I thrilled to announced the violin was handed back safe & sound to me this evening – nothing missing. Thank you very much for posting and helping spread the word. Relieved beyond words can describe!
jane gordon maggini violin

But see also I never saw my stolen viola again.

UPDATE: It appears that Jane left her 300 year-old violin on a luggage rack. CCTV showed it being taken by another passenger. It was found dumped on a residential street in Battersea.’It was an incredibly emotional moment seeing the violin again, which does not have a scratch on it,’ she told getwestlondon.

Comments

  • Robert Roy says:

    Fantastic news!

  • V.Lind says:

    Left on a luggage rack…in other words, in some (warped) people’s minds, abandoned.

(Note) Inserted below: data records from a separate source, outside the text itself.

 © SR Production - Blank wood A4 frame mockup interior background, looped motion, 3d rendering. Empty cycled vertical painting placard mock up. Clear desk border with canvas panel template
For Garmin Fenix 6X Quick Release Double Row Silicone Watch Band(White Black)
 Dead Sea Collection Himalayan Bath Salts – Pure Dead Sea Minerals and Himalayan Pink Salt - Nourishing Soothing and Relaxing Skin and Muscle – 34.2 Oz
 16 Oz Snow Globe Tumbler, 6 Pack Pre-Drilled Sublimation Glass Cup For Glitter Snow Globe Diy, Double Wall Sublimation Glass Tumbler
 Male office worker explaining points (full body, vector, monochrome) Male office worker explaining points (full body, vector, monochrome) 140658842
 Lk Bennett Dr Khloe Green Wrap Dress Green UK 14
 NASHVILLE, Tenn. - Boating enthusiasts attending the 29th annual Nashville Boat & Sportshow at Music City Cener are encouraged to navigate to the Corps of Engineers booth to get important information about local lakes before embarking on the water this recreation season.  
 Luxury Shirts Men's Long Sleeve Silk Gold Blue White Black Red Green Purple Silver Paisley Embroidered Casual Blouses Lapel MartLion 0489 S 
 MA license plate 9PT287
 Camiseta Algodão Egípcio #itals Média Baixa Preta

    Does British Rail not have attendants who go through the cars after disembarking passengers and check against things left behind? Another passenger must have been enterprising if he/she saw the thing left behind while there was still exit motion among the descending passengers and taken a chance on something with such a distinctive shape.

    I’m very glad this violinist had her instrument returned to her, unharmed, but how many such reconciliations have we read about this years so far? If I were an owner/lender of a violin “lost” in such circumstances, I would demand it back. The incidence of carelessness among musicians is disproportionately high.

  • Pascale says:

    So happy for her ! What a relief !

  • John Borstlap says:

    Before Koussevitsky became a conductor, he was a formidable double bass virtuoso, but he lost three of his instruments on trains and always in the same way: forced to visit the toilet and leave the instrument alone for a while, when he returned it had disappeared. On every occasion he had pulled the emergency break and the entire train was searched by staff, but without result. During the Soviet Era it were mostly brass instruments that disappeared from trains, and suspicion went around that military bands used secret methods to enlarge their instrument collection in this way, due to increased pressures caused by Red Square parades.

    • V.Lind says:

      You can — and should — carry a $300,000 violin with you to the washroom.

      I hear ENO is hard up. Maybe their agents are tailing known forgetful musicians and waiting for them to forget their instruments. That deficit could be cleared up in a season, judging by “Help — my violin has been stolen/lost/forgotten/left behind” posts.